Of course, driving over 100 vehicles annually, it’s my duty, as the video auto reviewer for The New York Times, to inform you that nothing beats a minivan for practicality and utility. There. My responsibility is fulfilled.
I’m often asked which SUV is my favourite, but picking just one is impossible. So let’s do five in various sizes and prices, along with a runner-up in each category.
I’ve provided the base price for each vehicle. The Environmental Protection Agency fuel economy averages are listed for the range of powertrain choices.
I’m also not including the excellent truck-based SUVs from General Motors (the Chevy Suburban, Tahoe and GMC Yukon) because most families don’t need their extreme capabilities, but if you are someone who does, put them on your own list.
Kia Soul: US$16,995 (RM74,803)
The boxy Soul owns the small affordable crossover segment. A cavernous interior with impressive headroom is perfect for tall people looking for a compact ride. Even hamsters can appreciate the quality cabin materials and elegant touch-screen interface.

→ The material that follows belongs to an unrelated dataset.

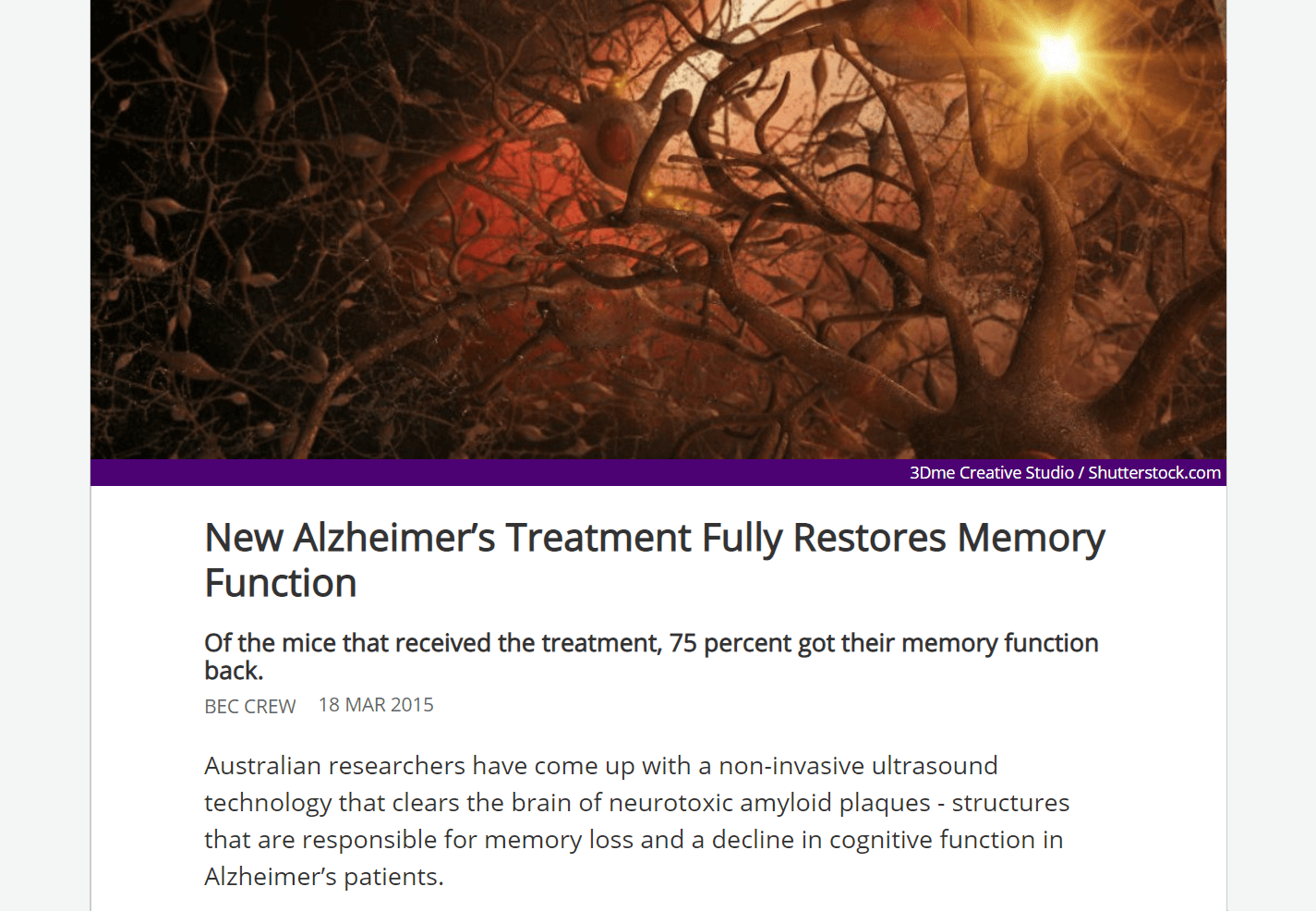 A viral post about research on Alzheimer's.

I advise skipping the base version for the more potent 4-cylinder engines found in upper models. The top-shelf Exclaim model has a turbocharged engine and the best fuel economy. The well-rounded Soul has comfortable driving dynamics and seats five average-size adults fairly comfortably. It is also available as an electric vehicle.
Kia’s big miss here? The Soul doesn’t have all-wheel drive. If that’s a must, the Subaru Forester is nimble and nearly as cubic. Average EPA mileage: 27 to 28 mpg.
Honda CR-V: US$24,985
When it comes to five-passenger family crossovers, the CR-V is the one to beat. The new fifth-generation model looks familiar, while gaining a newfound sense of style with rich-looking taillights. The vibe in the cockpit appears a full grade more expensive now.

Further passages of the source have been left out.